We can plot the data as follows in ggplot2.
```{r ggplot_intro}
#install.packages('ggplot2')
require('ggplot2')
ggplot(data = df.as, aes(x = sound, y = score)) +
geom_point()
ggplot(data = df.as, aes(x = sound, y = score, group = sound)) +
geom_boxplot()
ggplot(data = df.as, aes(x = alcohol, y = score)) +
geom_point()
```
Hmm, we have both a slope due to alcohol, but also there is worse performance when the music is high. We can see this more clearly when we colour the data by sound.
```{r plot sound and alcohol}
# We're going to look at a ggplot. For a tutorial on ggplot see https://www.aridhia.com/technical-tutorials/the-fundamentals-of-ggplot-explained/
#install.packages(ggplot2)
require(ggplot2)
ggplot(data = df.as, aes(x = alcohol, y = score, group = sound, colour = as.factor(sound))) +
geom_point() +
geom_line()
```
## The "Catwalk" - showing off our models
We might be tempted to fit seperate linear models for each predictor.
```{r single predictor models}
m1 <- lm(score ~ alcohol, data = df.as)
m2 <- lm(score ~ sound, data = df.as)
summary(m1)
summary(m2)
```
Alcohol alone seems to be a really bad model whereas sound alone is pretty good. But we know there's more going on. In fact, we want to add both alcohol and sound to the model. The plus operator lets us do this.
```{r standard_model}
m3 <- lm(score ~ alcohol + sound, data = df.as)
summary(m3)
```
That looks much better. Our Multiple R-squared is higher with this more complicated model. However, this might be because there are simple more terms (the model is more flexible). We can use a measure called AIC to penalise the model fit by the number of parameters - the model with alcohol and sound has more paramters beings estimated than the alcohol or sound alone models.

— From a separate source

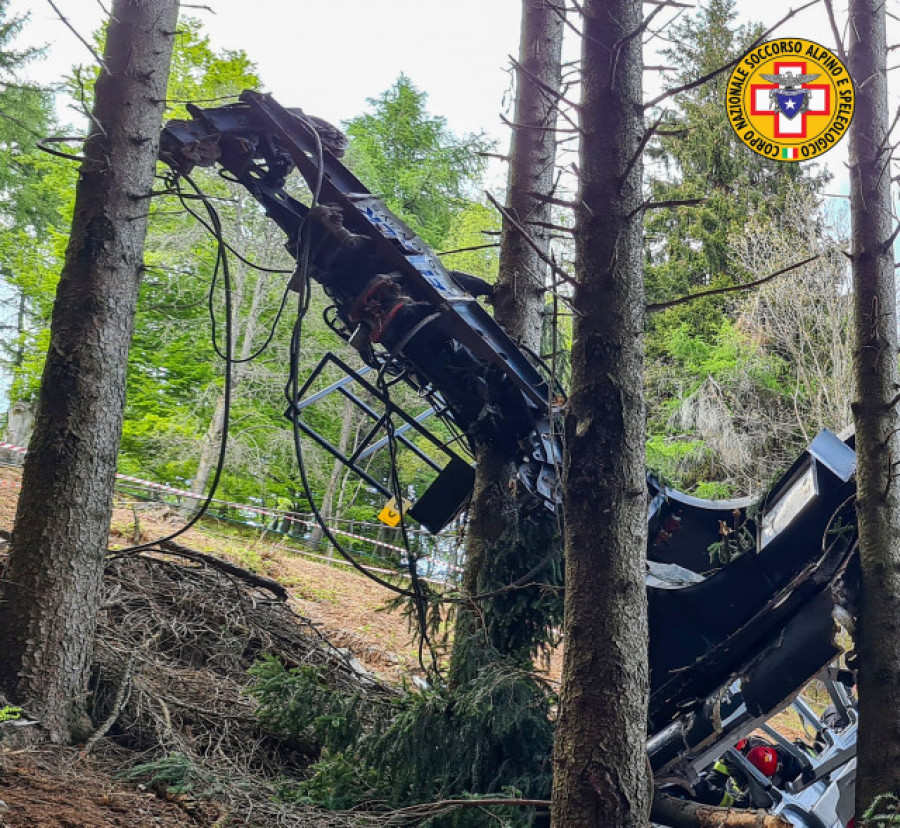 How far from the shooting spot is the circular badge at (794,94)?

__Side note__ A rather nice psychology paper talking about model complexity can be found [here](http://www.indiana.edu/~clcl/Q550/Lecture_3/Myung_2000.pdf). It is a large discussion.
```{r AICs}
AIC(m1)
AIC(m2)
AIC(m3)
```
Our two term model (score ~ alcohol + sound) better fits the data even when penalised for being more flexible.
But.... looking at the above plots there might be a synergistic relationships between alcohol and sound. For instance, it looks like the effect of alcohol is different depending on sound. The decrease in performance due to alcohol drops more quickly when the sound is high - people perhaps get overloaded.
```{r sound and alcohol again}
ggplot(data = df.as, aes(x = alcohol, y = score, group = sound, colour = as.factor(sound))) +
geom_point() +
geom_line()
```
This may go beyond your reading, so you may not need to do this. However, the way to do this is with an interaction term.
```{r ah_interactions}
m4 <- lm(score ~ alcohol + sound + sound*alcohol, data = df.as)
summary(m4)
```
Let's run our AIC check.
```{r}
AIC(m1)
AIC(m2)
AIC(m3)
AIC(m4)
```
Our interaction model does capture the pattern in the data best. What does our model tell us?
```{r interaction_summary}
summary(m4)
```
How should we interpret this? Well, sound makes a big difference to performance. Alcohol along seems not to. Whereas Alcohol combined with noise does. Hmm, perhaps we should leave interactions alone as they are hard to interpret...
## Logistic regression
We can include multiple predictors in logistic regression.
```{r logistic multiple regression}
df.alcohol <- data.frame(alcohol = c(10, 10, 20, 20, 30, 30, 40, 40, 50, 50, 60, 60, 70, 70, 80, 80, 90, 90, 100, 100),
sound = c(2,8,2,8,2,8,2,8,2,8,2,8,2,8,2,8,2,8,2,8),
result = c(1, 1, 1, 1, 1, 0, 1, 1, 1, 1, 0, 0, 1, 1, 1, 0, 0, 0, 0, 0))
m5 <- glm(formula = result ~ alcohol + sound, data = df.alcohol, family = binomial)
summary(m5)
```
## What next?
We have covered what to do for categorical predictors - run a logistic regression - and how bivariate regression can be expanded to include multiple predictors. We also delved into visualising data with ggplot and one way to measure the fit of a model penalising for complexity.
Now, you can explore the British Social Attitudes survey data with your new found regression powers!